BRIEF
Only one stretch of the data should be retyped: the lines from the line containing "A.P.C. neige leather tote bag" through the line containing "Magnets Red Ikodm". Keep pictures out of it.
START STUDY MATERIAL
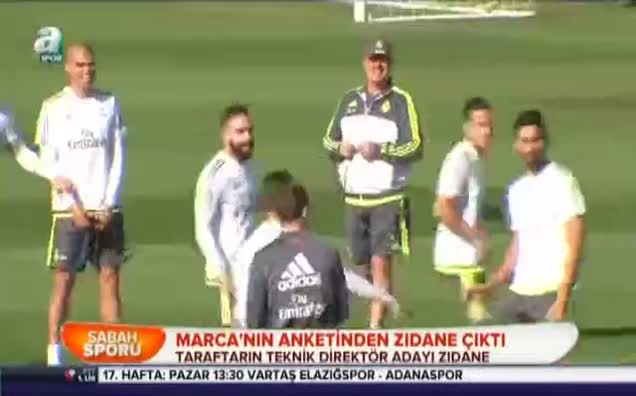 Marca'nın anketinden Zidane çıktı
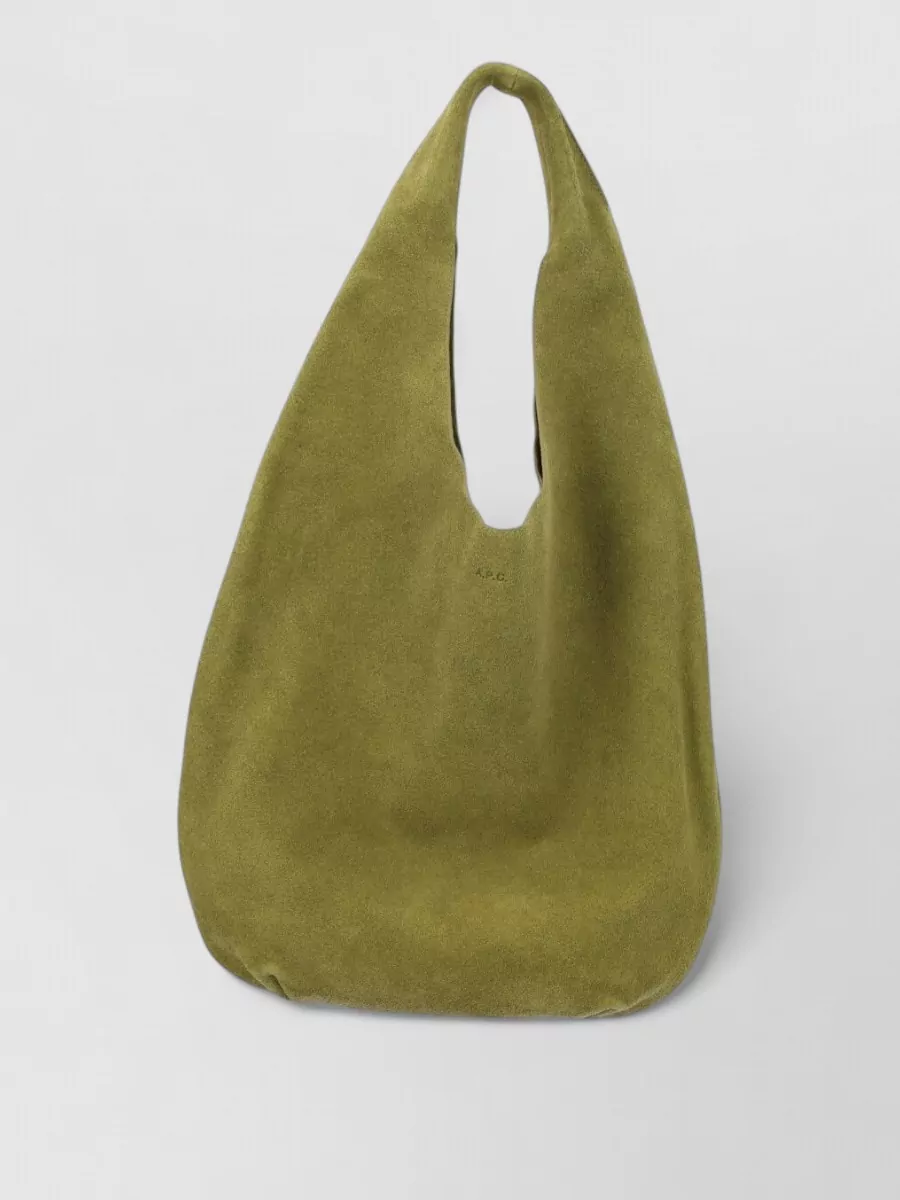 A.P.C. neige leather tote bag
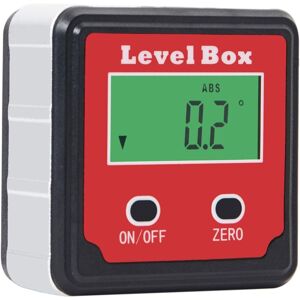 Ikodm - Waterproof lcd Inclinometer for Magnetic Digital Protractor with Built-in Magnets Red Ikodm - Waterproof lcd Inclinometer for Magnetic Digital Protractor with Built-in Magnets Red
END STUDY MATERIAL
START STUDY MATERIAL
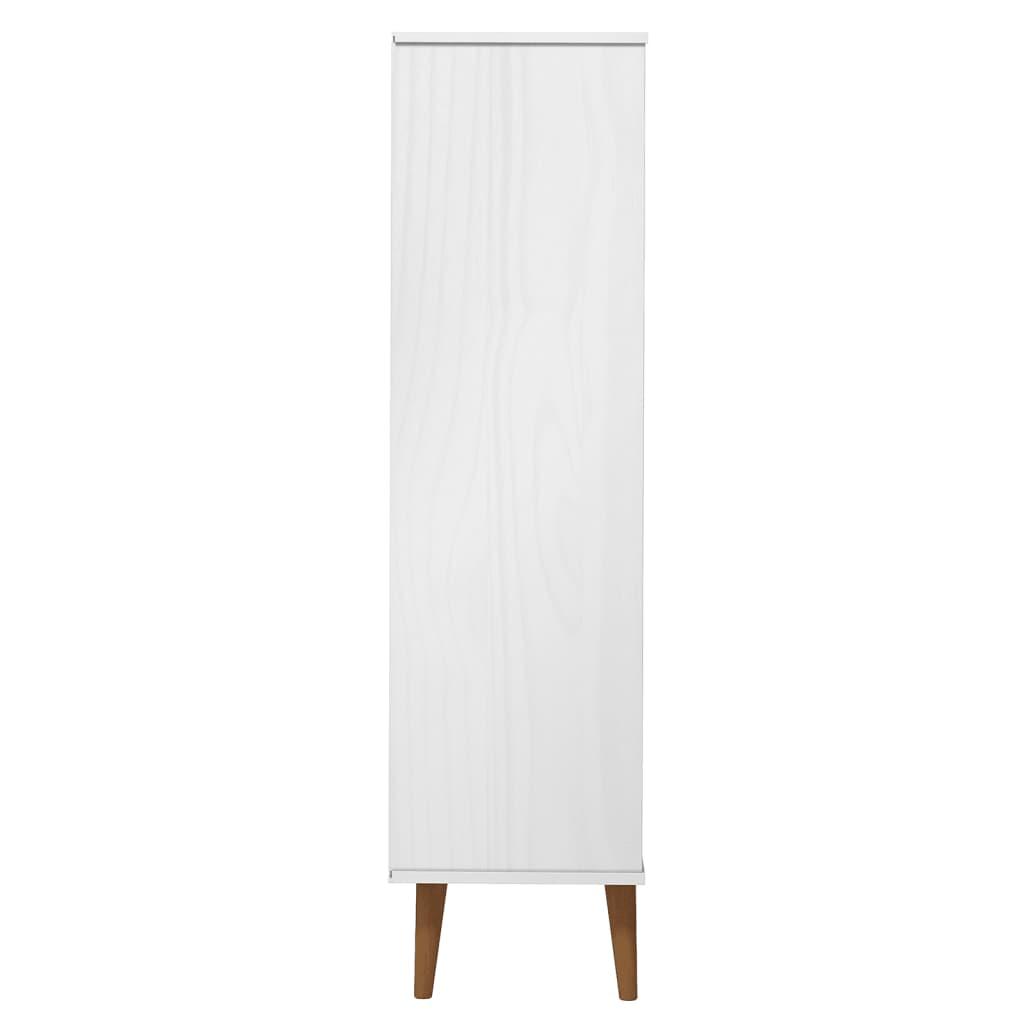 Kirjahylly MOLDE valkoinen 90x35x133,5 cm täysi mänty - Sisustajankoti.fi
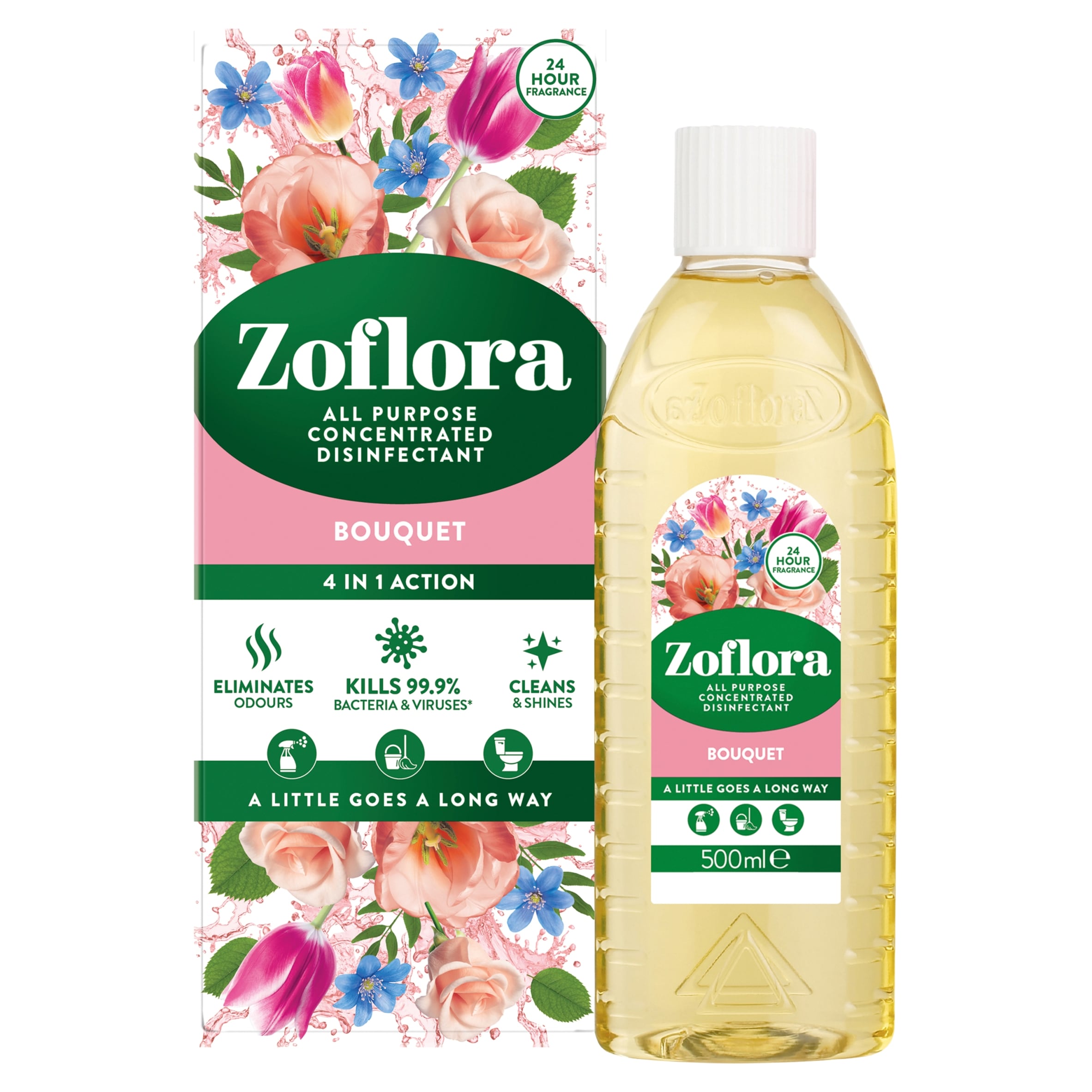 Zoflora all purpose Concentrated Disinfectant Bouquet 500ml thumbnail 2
END STUDY MATERIAL
START STUDY MATERIAL
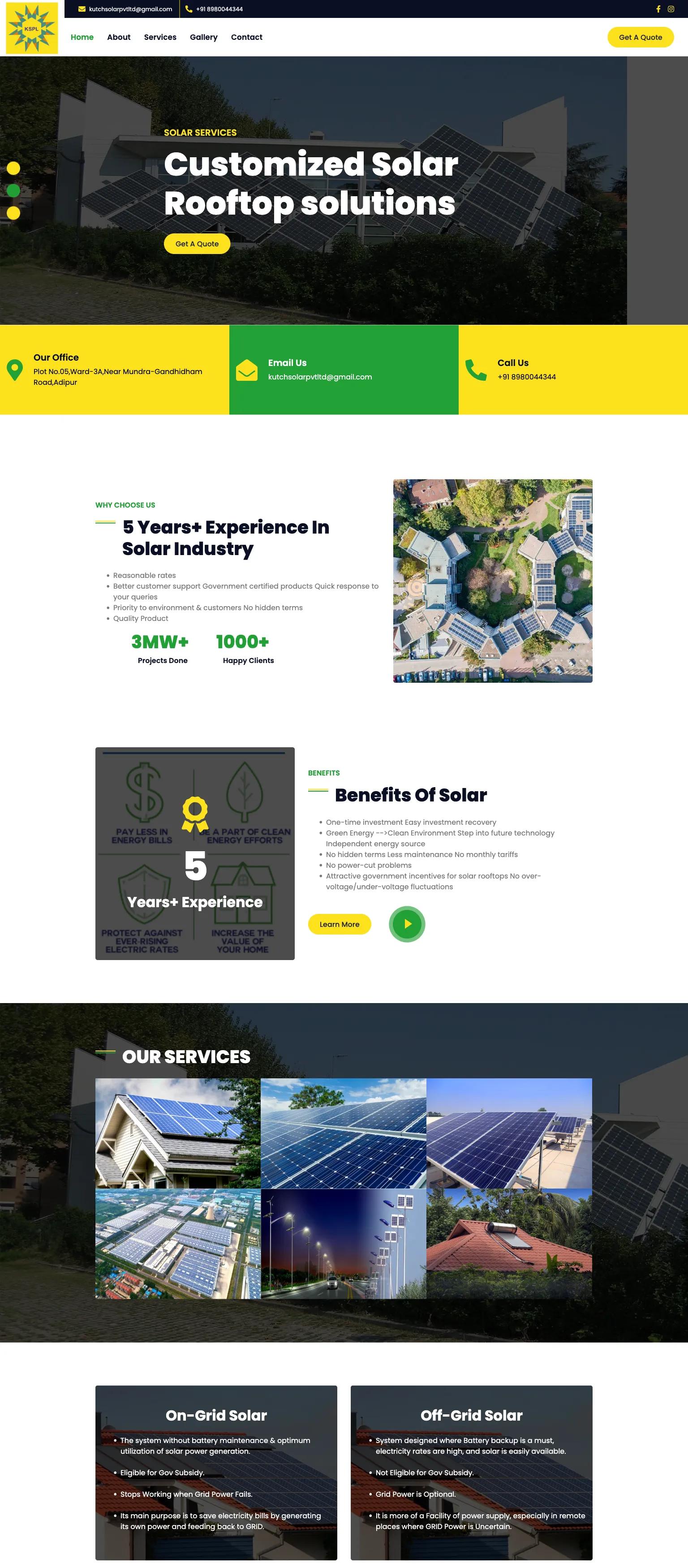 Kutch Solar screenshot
END STUDY MATERIAL
YOUR SOLUTION
 A.P.C. neige leather tote bag
 Ikodm - Waterproof lcd Inclinometer for Magnetic Digital Protractor with Built-in Magnets Red Ikodm - Waterproof lcd Inclinometer for Magnetic Digital Protractor with Built-in Magnets Red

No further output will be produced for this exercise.